What you are asked to do ::
A complete and exact copy of the data below is required.

Data section ::
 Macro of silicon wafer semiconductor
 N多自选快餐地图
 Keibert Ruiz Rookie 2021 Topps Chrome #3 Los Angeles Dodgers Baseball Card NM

Written response ::
 Macro of silicon wafer semiconductor
 N多自选快餐地图
 Keibert Ruiz Rookie 2021 Topps Chrome #3 Los Angeles Dodgers Baseball Card NM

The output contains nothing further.